The earliest of these transition meetings is when an infant moves from Part C  (0-2 years of age) of IDEA to Part B (3-21 years of age). This meeting should be held no fewer than ninety days before the child’s 3rd birthday. If the child continues to need specialized services, the service coordinator from the lead agency must notify the State Education Agency (SEA) and the child’s Local Education Agency (LEA). Instead of an Individualized Family Service Plan (IFSP), an Individualized Education Plan (IEP) will be written to address the specific needs of the student. The parents can request that the service coordinator from Part C be part of the initial IEP meetings. This will ensure a coordinated effort between the two agencies as they collaborate to develop a comprehensive IEP that addresses the child’s needs.

Topics of Discussions for Transition Meetings

Each natural transition point has its own specific concerns but there are general topics that should be addressed at all transition meetings.

  • Clear and Measurable Goals
  • Specialized Equipment
  • Transportation Needs
  • Accommodations and Modifications
  • Health Needs
  • Mobility Concerns
  • Extended School Year (ESY)

Some specific concerns that the IEP team should address as a child transitions into middle and high school are:

  • Going from one primary teacher to numerous subject teachers
  • Increased workload and homework
  • Opportunities for extra-curricular activities

Transition Plan for Adult Life

When a child is approaching the age of 16, IDEA becomes extremely specific about the district including transition services as part of the child’s IEP. These transition services include the areas of instruction, community experience, employment and other post-school living objectives.
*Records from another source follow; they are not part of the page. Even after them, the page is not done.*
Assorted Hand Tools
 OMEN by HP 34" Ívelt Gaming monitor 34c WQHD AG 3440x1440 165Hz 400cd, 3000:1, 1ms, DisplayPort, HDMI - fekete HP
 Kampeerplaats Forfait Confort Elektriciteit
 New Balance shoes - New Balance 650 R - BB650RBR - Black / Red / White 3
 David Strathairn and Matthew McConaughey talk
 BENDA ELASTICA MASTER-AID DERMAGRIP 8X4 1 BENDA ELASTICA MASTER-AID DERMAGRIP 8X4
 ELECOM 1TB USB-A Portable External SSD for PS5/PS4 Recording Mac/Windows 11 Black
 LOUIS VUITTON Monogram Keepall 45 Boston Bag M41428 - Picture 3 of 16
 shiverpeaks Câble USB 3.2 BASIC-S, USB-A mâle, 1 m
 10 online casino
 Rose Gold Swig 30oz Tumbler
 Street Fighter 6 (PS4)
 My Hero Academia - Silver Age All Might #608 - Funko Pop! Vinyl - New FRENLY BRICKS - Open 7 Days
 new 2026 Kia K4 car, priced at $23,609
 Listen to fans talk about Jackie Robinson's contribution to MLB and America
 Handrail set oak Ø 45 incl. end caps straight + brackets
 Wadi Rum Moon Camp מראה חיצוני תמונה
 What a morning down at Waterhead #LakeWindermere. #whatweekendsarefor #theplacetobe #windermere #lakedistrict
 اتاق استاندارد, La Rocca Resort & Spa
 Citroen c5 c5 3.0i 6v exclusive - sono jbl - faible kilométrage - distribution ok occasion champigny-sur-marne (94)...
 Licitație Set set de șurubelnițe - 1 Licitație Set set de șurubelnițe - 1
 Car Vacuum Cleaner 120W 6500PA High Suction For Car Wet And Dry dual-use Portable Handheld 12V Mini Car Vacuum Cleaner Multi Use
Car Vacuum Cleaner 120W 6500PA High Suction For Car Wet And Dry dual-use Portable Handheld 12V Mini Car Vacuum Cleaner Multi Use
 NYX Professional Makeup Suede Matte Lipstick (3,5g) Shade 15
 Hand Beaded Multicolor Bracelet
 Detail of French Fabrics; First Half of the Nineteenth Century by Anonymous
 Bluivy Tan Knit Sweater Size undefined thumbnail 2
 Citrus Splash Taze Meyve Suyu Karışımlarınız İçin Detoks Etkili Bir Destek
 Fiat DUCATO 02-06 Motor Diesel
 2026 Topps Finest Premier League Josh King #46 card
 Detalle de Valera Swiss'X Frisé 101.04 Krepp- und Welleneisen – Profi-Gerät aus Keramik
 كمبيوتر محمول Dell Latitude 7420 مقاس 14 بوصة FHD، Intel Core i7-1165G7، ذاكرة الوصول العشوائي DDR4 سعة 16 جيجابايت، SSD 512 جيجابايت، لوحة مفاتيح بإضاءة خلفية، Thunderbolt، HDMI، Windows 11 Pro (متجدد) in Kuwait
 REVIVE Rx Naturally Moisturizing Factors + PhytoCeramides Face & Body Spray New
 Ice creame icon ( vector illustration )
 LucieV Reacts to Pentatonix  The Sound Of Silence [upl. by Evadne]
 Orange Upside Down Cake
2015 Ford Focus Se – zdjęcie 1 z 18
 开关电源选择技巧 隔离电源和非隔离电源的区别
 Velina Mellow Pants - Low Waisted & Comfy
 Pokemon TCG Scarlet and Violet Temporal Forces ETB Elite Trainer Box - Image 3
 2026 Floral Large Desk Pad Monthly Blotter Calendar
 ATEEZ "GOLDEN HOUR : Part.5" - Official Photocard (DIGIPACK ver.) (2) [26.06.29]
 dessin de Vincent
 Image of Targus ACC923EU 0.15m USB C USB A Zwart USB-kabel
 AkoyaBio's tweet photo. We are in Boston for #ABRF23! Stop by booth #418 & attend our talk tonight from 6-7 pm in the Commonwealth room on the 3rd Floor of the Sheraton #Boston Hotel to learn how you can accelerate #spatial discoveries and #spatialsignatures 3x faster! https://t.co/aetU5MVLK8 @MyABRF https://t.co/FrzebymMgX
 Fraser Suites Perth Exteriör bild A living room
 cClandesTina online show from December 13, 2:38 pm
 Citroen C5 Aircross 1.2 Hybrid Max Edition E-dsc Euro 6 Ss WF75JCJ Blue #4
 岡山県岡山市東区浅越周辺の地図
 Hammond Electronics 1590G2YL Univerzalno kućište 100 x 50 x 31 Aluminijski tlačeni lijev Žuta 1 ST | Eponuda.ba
In the academic year that the child turns 16, these services must be documented through the IEP. The child must be invited to attend the IEP meeting and should participate as much as possible in the development of their transition plan.

When developing a transition plan, the IEP team should develop a results oriented process that will improve the student’s academic and functional achievement to assist the student in adult life. Each child will have very specific needs based upon their abilities and their interests. A student’s individual preferences, accomplishments, and skills must be considered when developing a transition plan.

The transition plan should address any training the student may need to successfully bridge their final secondary years with the first years of their adult life. Areas that should be considered while developing this plan are post-secondary education, vocational education, integrated employment, continuing and adult education, adult services, independent living, and community participation.

IDEA mandates that IEP teams develop measurable post-secondary goals in the areas of training, education, employment, and independent living skills. These should help the student transition to adult life with the needed services and supports in place. It is also mandated that the district invite a representative from any agency that may be providing or paying for transition services to the IEP meeting. This will support a smooth transition as the representative can address specific skills that may need to be developed before entering certain programs.

Depending upon a child’s date of birth, their services may be provided through age 21 or 22. The exception to this is when a special education student achieves a general academic diploma. With either circumstance, an exit IEP meeting that provides current assessment information must be held. This may provide a college bound student with a current IEP to assist them receive the services they need in college, or it may provide an employment bound student with a 504 plan to assist them in acquiring the needed accommodations so that they may be successful in the work environment.

Additional Transition Help

If you find yourself in an IEP meeting and you are uncomfortable about what the district is offering, you do not have to sign the IEP. You may request time to review the IEP and have a special education advocate review the document before signing. A special education advocate will review the document, find any areas of concern that may need to be addressed through an additional IEP meeting, or they will be able to put your mind at ease knowing that the document is appropriate for your child.